[Collected data entries]
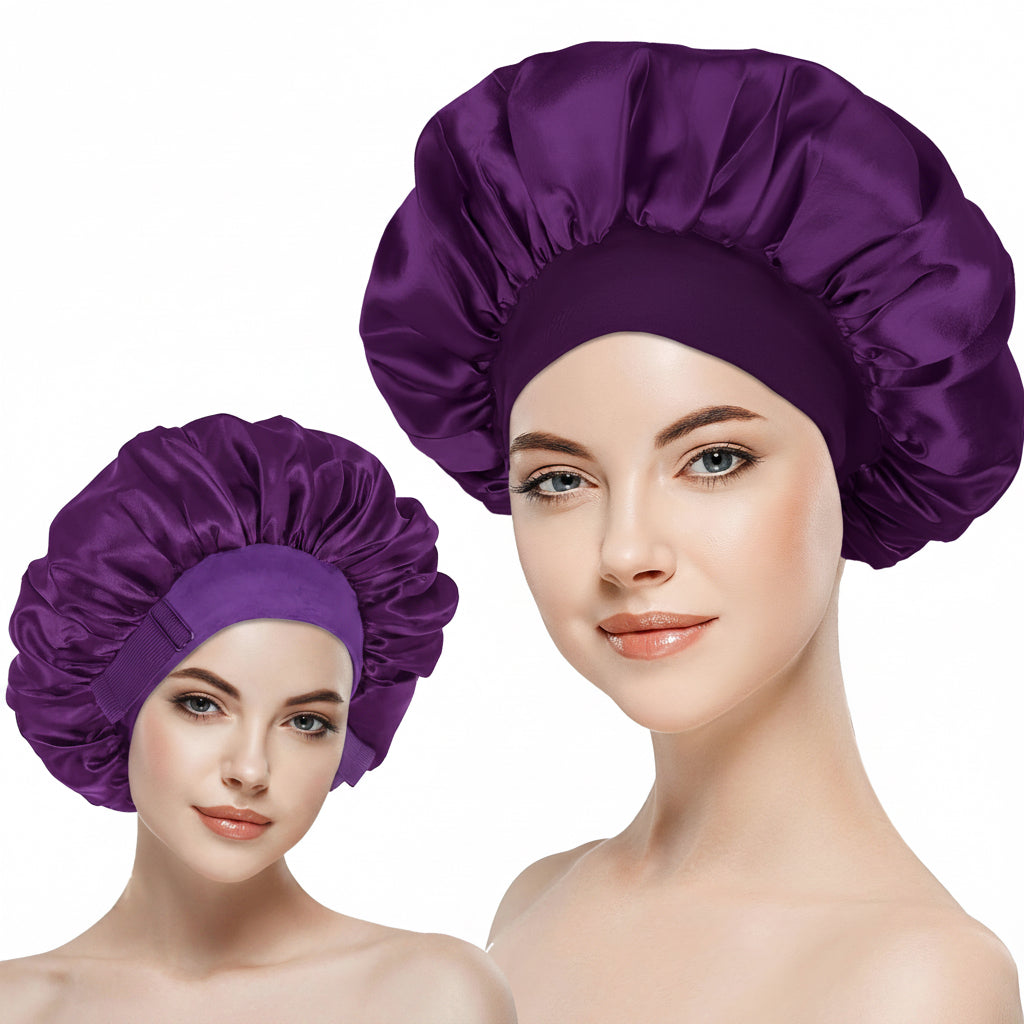 ROHAJSHOP Unisex Double Layered Satin Hair Bonnet for Sleep with Elastic Adjustable Strap, Protects Hairstyles & Moisture, Prevents Pillow Stains, Hand Washable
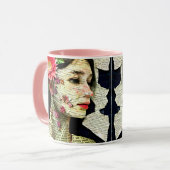 vrouw Art Collage Mok (Voorkant links)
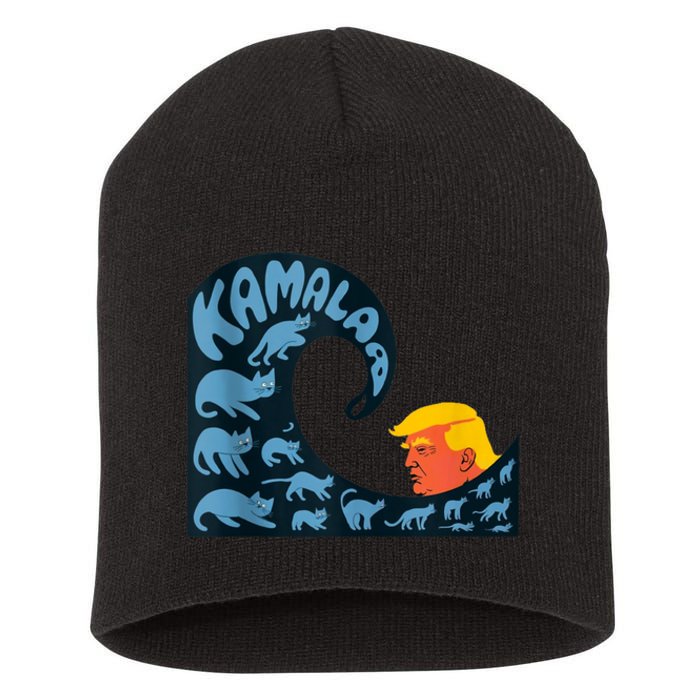 Gary Taxali Kamala Wave Blue Cats Short Acrylic Beanie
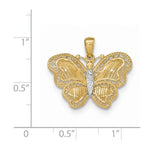 画像をギャラリービューアに読み込む, 14k Yellow Gold and Rhodium Butterfly Pendant Charm
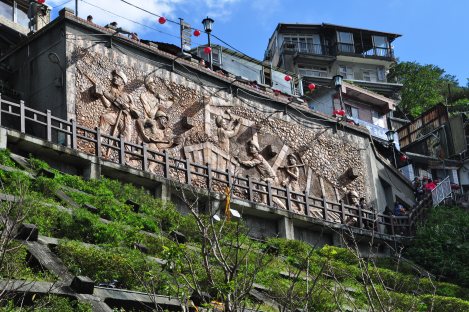 mural depicting jiufen's mining history/jiufen, taiwan/dec 28, 2012
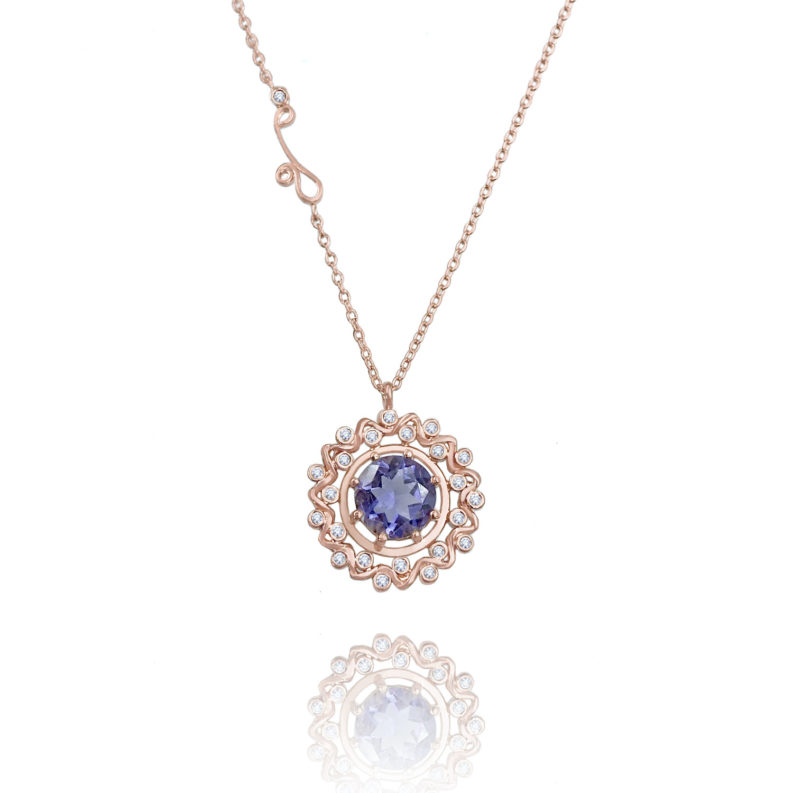 Prismatic bluish-purple Tanzanite pendant necklace wrapped with twist wave diamond halo in 14k and 18k by JeweLyrie free domestic shipping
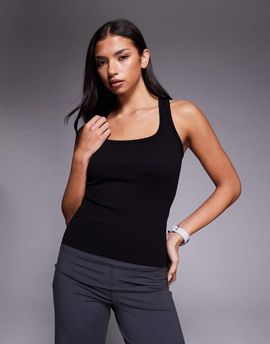4505 4505 seamless rib knit scoop neck racer back active tank top in black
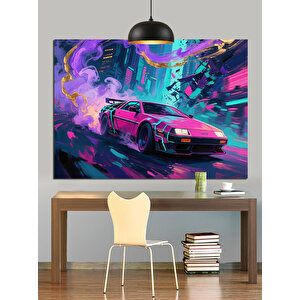 Neon Pembe Spor Araba Dekoratif Kanvas - Mdf Ahşap Tablo 50x70 cm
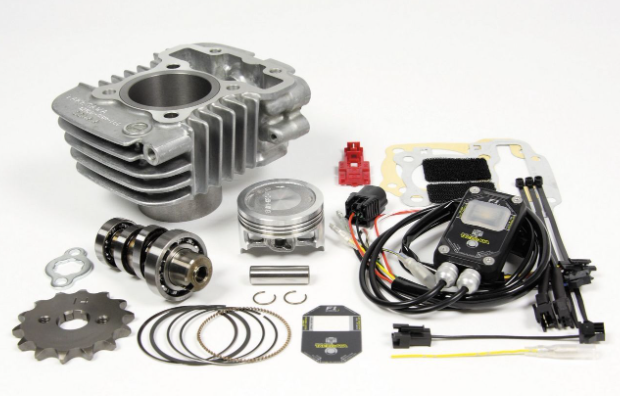 Engine parts including a cylinder head, piston, and various components on a white background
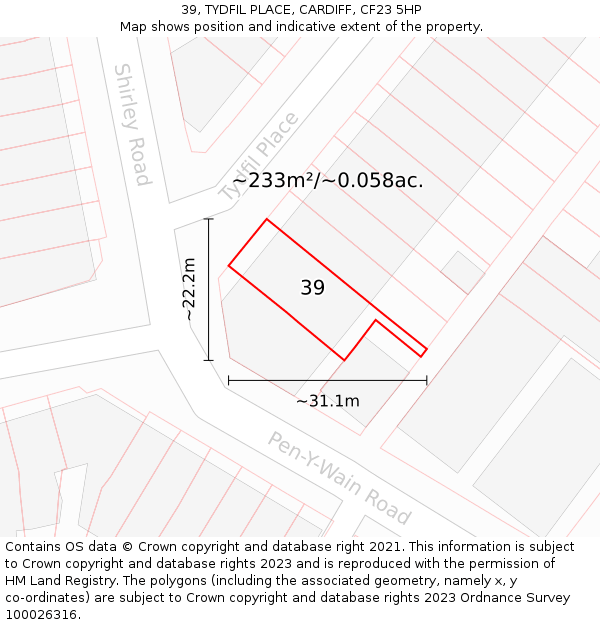 39, TYDFIL PLACE, CARDIFF, CF23 5HP: Plot and title map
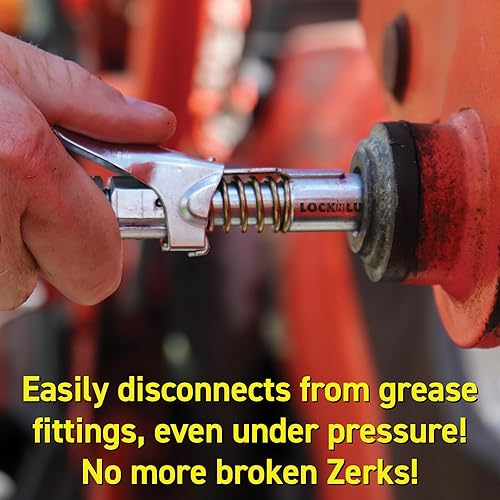 LOCKNLUBE GREASE GUN COUPLER | ORIGINAL LOCKING DESIGN | 10,000 PSI | LONG-LASTING & REBUILDABLE
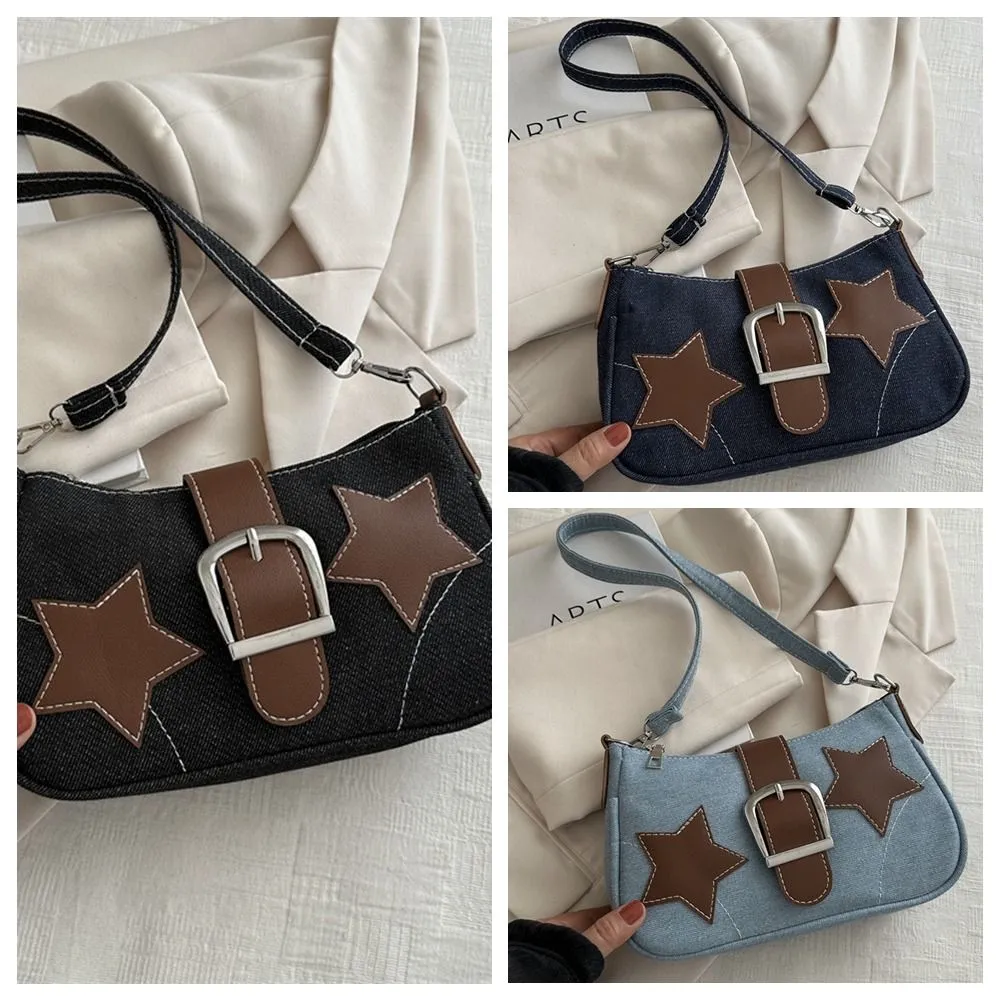 Borsa a tracolla minimalista con cerniera a forma di stella in PU Haruku Y2k, stile coreano, in denim, per ragazze_voghion.com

§ Activity
Leave out the pictures, and retype exactly the lines from the one containing "Prismatic bluish-purple Tanzanite" through the last line of the data above, no more and no less.

§ Exercise result
 Prismatic bluish-purple Tanzanite pendant necklace wrapped with twist wave diamond halo in 14k and 18k by JeweLyrie free domestic shipping
4505 4505 seamless rib knit scoop neck racer back active tank top in black
 Neon Pembe Spor Araba Dekoratif Kanvas - Mdf Ahşap Tablo 50x70 cm
 Engine parts including a cylinder head, piston, and various components on a white background
 39, TYDFIL PLACE, CARDIFF, CF23 5HP: Plot and title map
 LOCKNLUBE GREASE GUN COUPLER | ORIGINAL LOCKING DESIGN | 10,000 PSI | LONG-LASTING & REBUILDABLE
 Borsa a tracolla minimalista con cerniera a forma di stella in PU Haruku Y2k, stile coreano, in denim, per ragazze_voghion.com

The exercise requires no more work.